押し付けられたものではなく、地域に求められてテクノロジーが活用されるためには、何よりも、そこに住む人々の暮らしや仕事の中にテクノロジーを体験させるプロセスが欠かせない。関わる人々とつくりあげた「森林クラウド」。まさにそれは、つくり手の一方的な思惑ではなく、パートナーとの対話、ユーザ実証を経て進化を続けている。
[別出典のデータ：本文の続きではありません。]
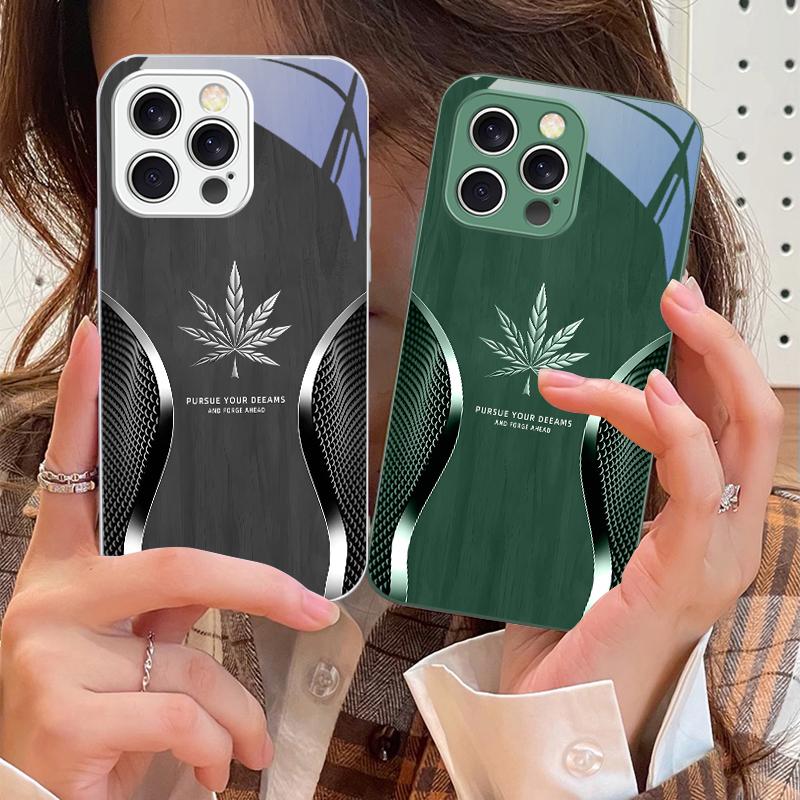 Golden leaf wood grain For IPhone 16 Pro Max 15 Pro 14 13 12 Mini 11 XS M ax XR 7 8 Plu SE 2022 Tempered Glass Phone Case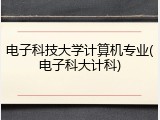 电子科技大学计算机专业(电子科大计科)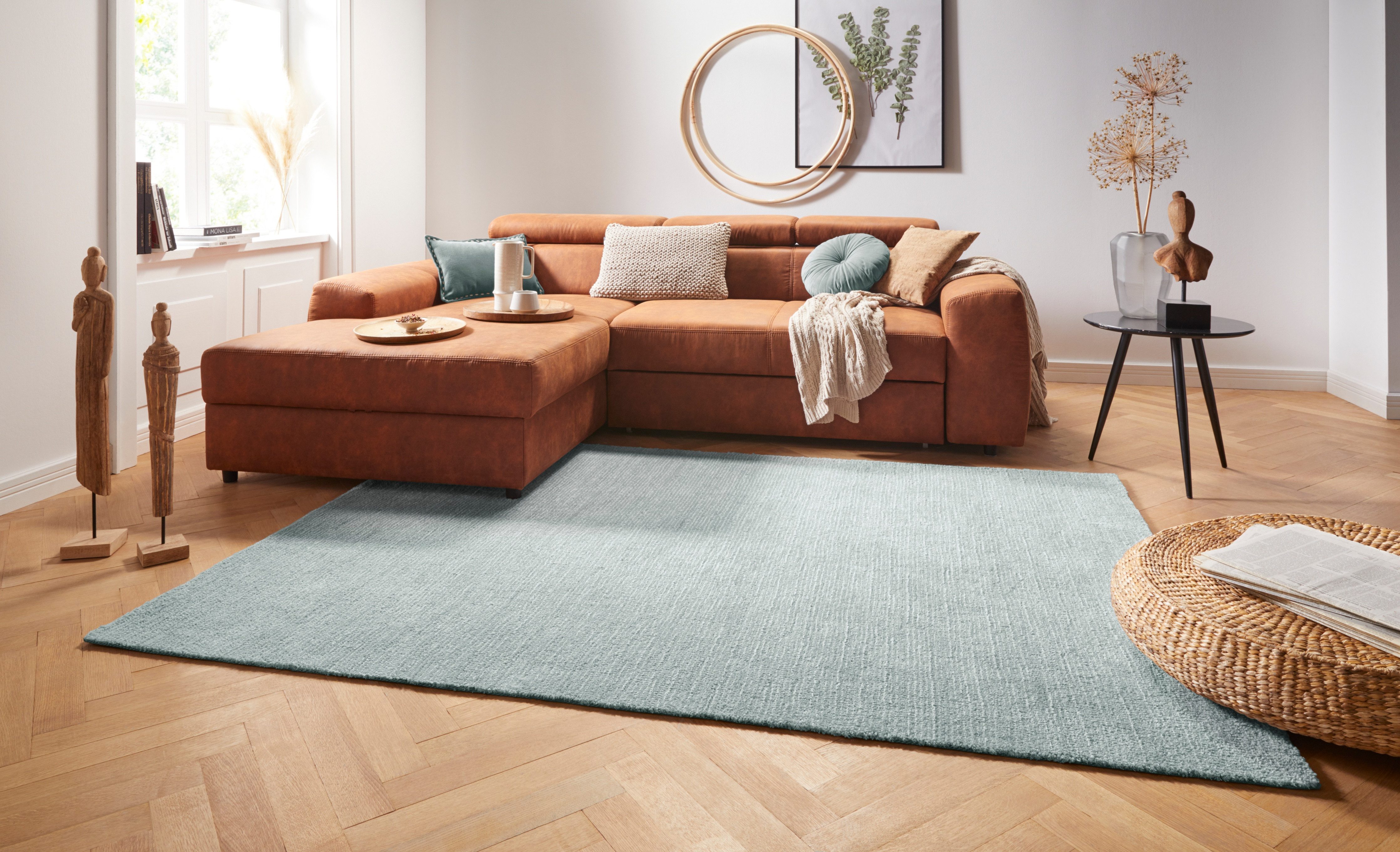 HANSE Home Vloerkleed Supersoft Kortpolig, loper modern, effen, woonkamer, slaapkamer moderne vloerkleden maat 120 cm x 170 cm x 10 mm blauw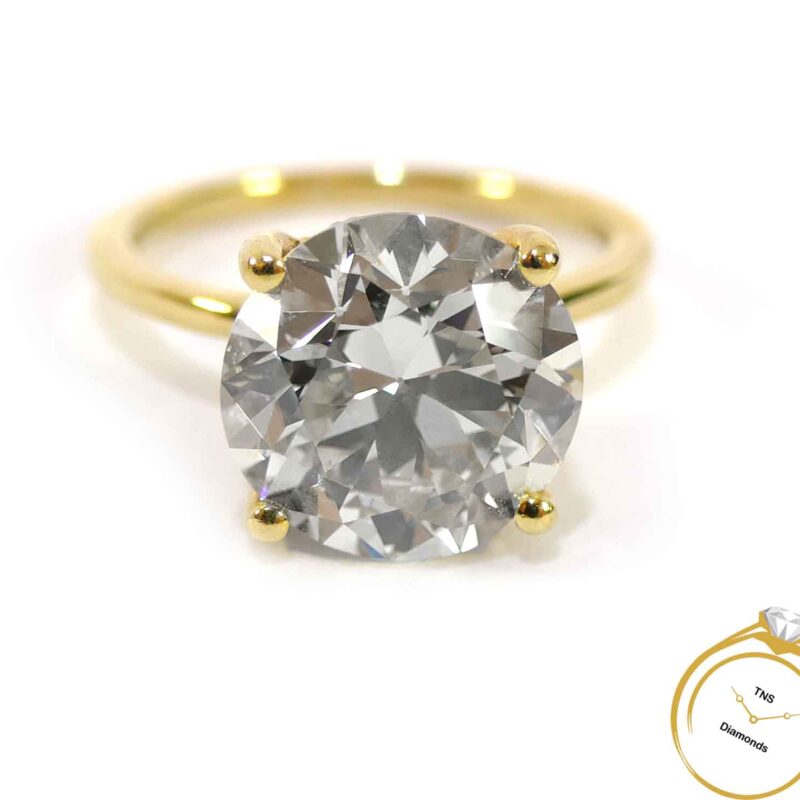 4.24ct Diamond GIA Certified Round Hidden Halo 18k Yellow Gold Engagement Ring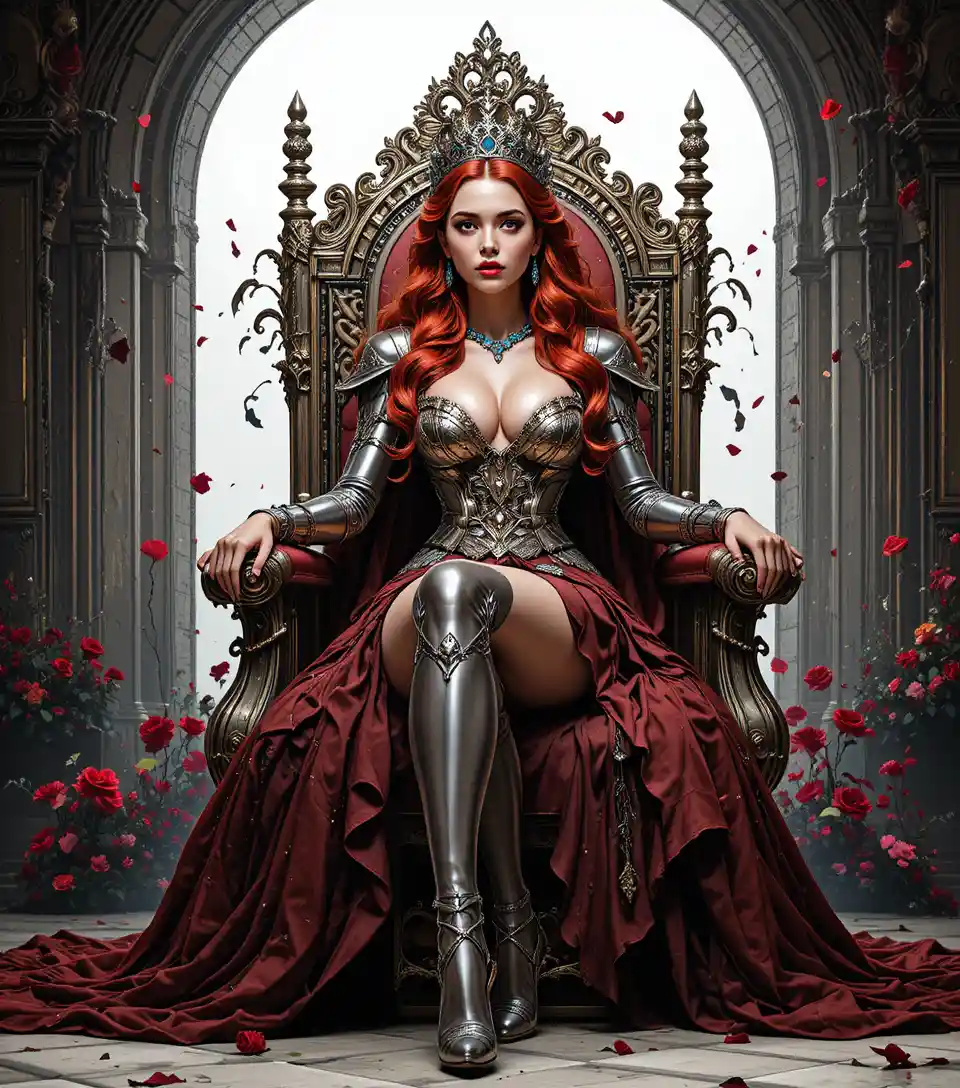 Scarlet haired fantasy queen on an ornate medieval throne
2021年4月に設立した「諸塚村森林・林業DX推進協議会」。
それは、森林・林業DXの推進を目的とした、県森連、NTT西日本(宮崎支店および地域創生Coデザイン研究所)はもとより、産官学・地域連携による協議会だ。
大地さんは協議会設立の頃を振り返った。

「初期の会合では誰も異論を口にしませんでした。でも実は、それぞれの立場で心配ごとがある。それに気づかずに勝手にソリューションを提供する側が走り出してしまうと空中分解してしまう。実際にそういう場面を何度も見てきましたが、この協議会はまったく違った。何よりも、湯地さんが協議会パートナーに対して個別にしぶとく、丁寧に、時間をかけてコミュニケーションを重ねる。一度食らいついたら離さないという湯地さんらしい人柄が、それぞれのパートナーや担当者の心を開いていってくれたと感じています」

その言葉に少し照れながら、湯地はこたえる。

「本音で話せる関係になってやっと“こういうところが心配でね”と教えていただけるようになりました。それぞれの立場や持論があるわけですから、我々の思いや理想を押しつける形では成立しないと身をもって感じました」

赤阪も同様だ。

「例えば、買う側の人々は“どこにどんな木があるかわからない。欲しいときに欲しい長さの原木がない”という切実な問題を抱えていました。それに対して、森林・林業DXを導入することによって木材の出荷2か月前から木材情報を“見える化”してわかるように、予約もできるようにします。多少コストはかかりますが、この仕組みを利用していくことで、森林が持続可能になり、木材が安定的に供給されるようになるのです。目先の便利さや商売のためだけでなく、長い目で見ても導入すべきだということを丁寧に話していきました」

それぞれの協議会パートナーとの対話により見えてきたDXへの不安に対応する機能や仕組みを反映し、さらにNTT西日本本社の技術者とも意見を出し合いながら「森林クラウド」は構築されていった。そして2021年10月、「森林クラウド」の有用性を検証するためのユーザ実証がスタート。赤阪は言う。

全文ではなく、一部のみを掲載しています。